An example of matrices of this type is described in the publication “Tunable liquid-filled microlens array integrated with microfluidic network” by Chronis et al, OPTICS EXPRESS Vol 11, No. 19, 2003, pages 2370-2378.

These matrices are made from an elastomer of PDMS type deposited on a Sub substrate, typically glass, and structured so as to form chambers 40 hollowed out in the elastomeric material 42 and closed by a membrane 43 also made of elastomer.

The lenses of a line are interconnected by channels 41, 41 'hollowed out in the elastomer 42.

The lenses and channels are filled with liquid, typically an oil of suitable index.

Pressure 44 is applied to the inlet of the channels, and is transmitted to the chambers 40.

Under the effect of the pressure, the membrane 43 deforms elastically.

Figure 4b illustrates the device at rest, when the membrane is flat and not deformed, and Figure 4c illustrates the device "activated" that is to say when sufficient pressure is applied so as to cause deformation of the device. the membrane.

The deformed membrane delimits the curved surface of a lens made of liquid, which focuses a light beam passing through it.
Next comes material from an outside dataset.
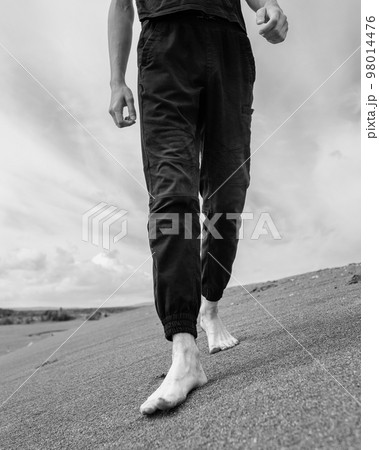 Young man walking alone on the sand in sandy desert Young man walking alone on the sand in sandy desert 98014476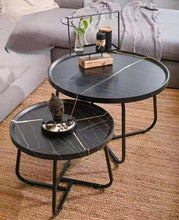 Load image into Gallery viewer, Black marble-patterned coffee table with decorative items in a living room setting.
The results show that the order of magnitude of the deformation obtained on a lens of 200 μm in diameter is of the order of ten micrometers.
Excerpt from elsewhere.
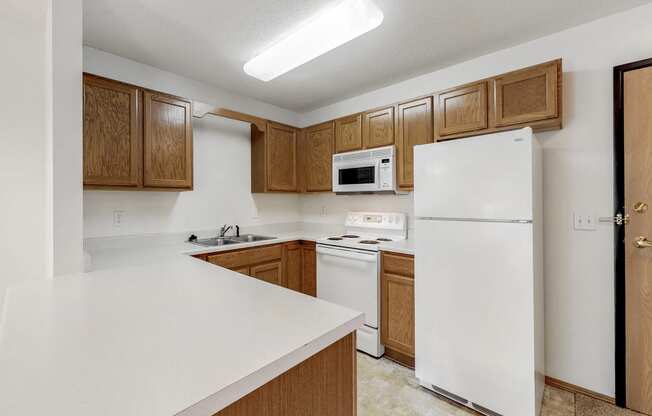 an empty kitchen with white appliances and wooden cabinets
The microlenses of the array have a diameter of 200 μm for a height of 100 μm at rest, and occupy a small part of the surface of the substrate.

The measured transmission of these oil filled lenses is 95%.

The lens located at the edge of the substrate is fed by a channel 41 connected to the exterior of the device, and the lenses located on a line are interconnected with each other, the liquid flowing from one to the other via channels of. link 41 '(see dotted lines 41' illustrating a connecting channel located in a different section plane than channel 41).

A matrix of lenses is thus produced all having the same focal length which can be modified by varying the pressure applied.

This publication demonstrates the feasibility of microlens arrays all exhibiting the same dynamic focal length controlled by the internal pressure of the fluid.

These devices make it possible, for example, to observe under a microscope the optical response in the thickness of the volume located under the lens, for the production of localized and micrometric imaging.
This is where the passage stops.